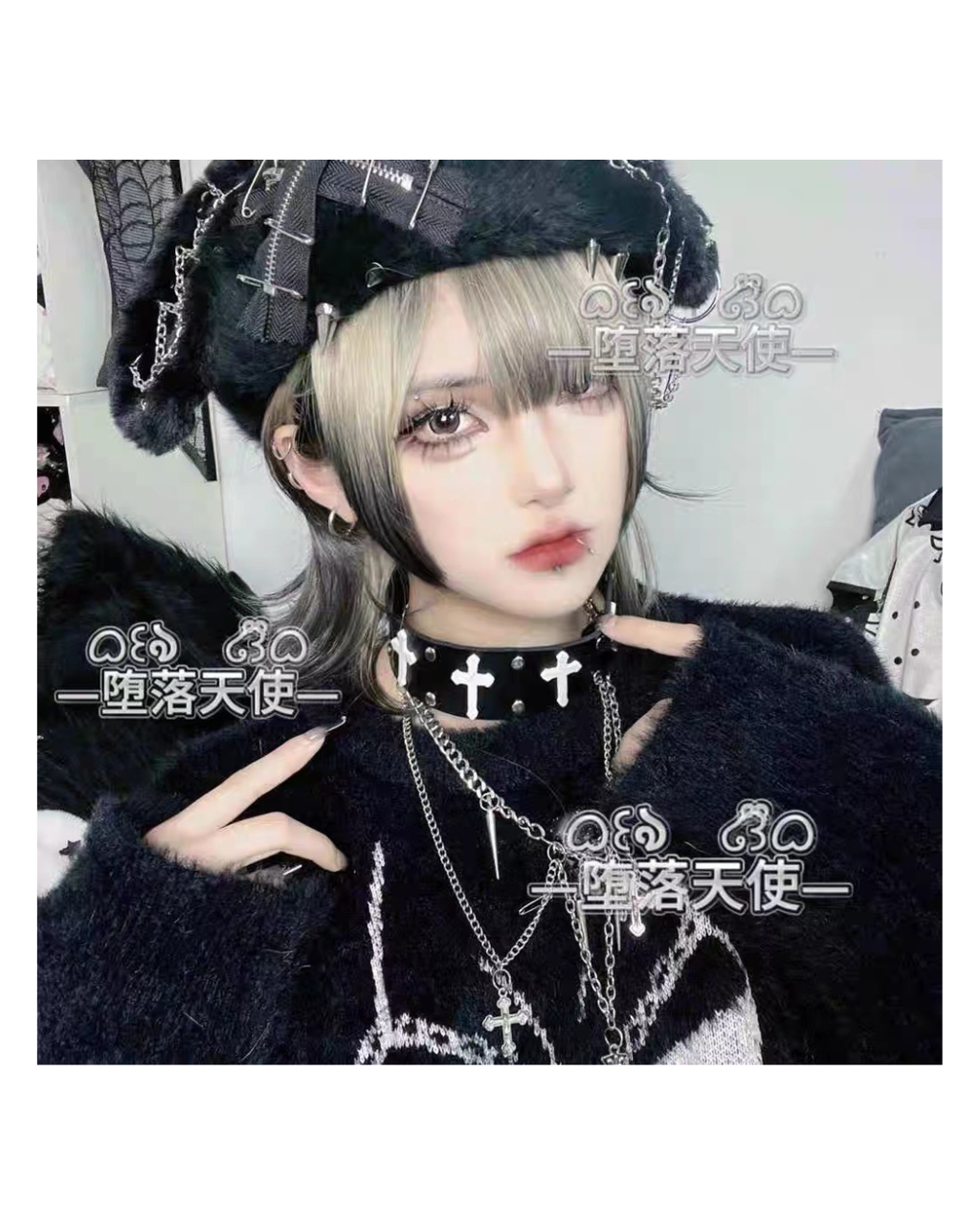 Fallen Angel Collar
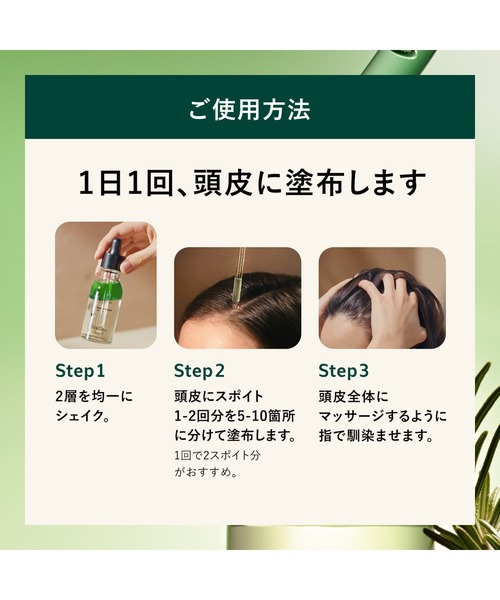 L'OCCITANE（ロクシタン） トリートメント 「WEB限定」薬用メディカル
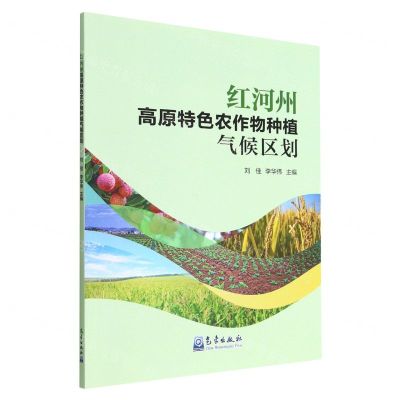 [N]红河州高原特色农作物种植气候区划-9787502978488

Task statement
Restate word for word only the lines that run from the line holding "L'OCCITANE（ロクシタン） トリートメント 「WEB限定」薬用メディカル" to the end of the data, both ends kept, leaving every picture out.

Task solution
 L'OCCITANE（ロクシタン） トリートメント 「WEB限定」薬用メディカル
 [N]红河州高原特色农作物种植气候区划-9787502978488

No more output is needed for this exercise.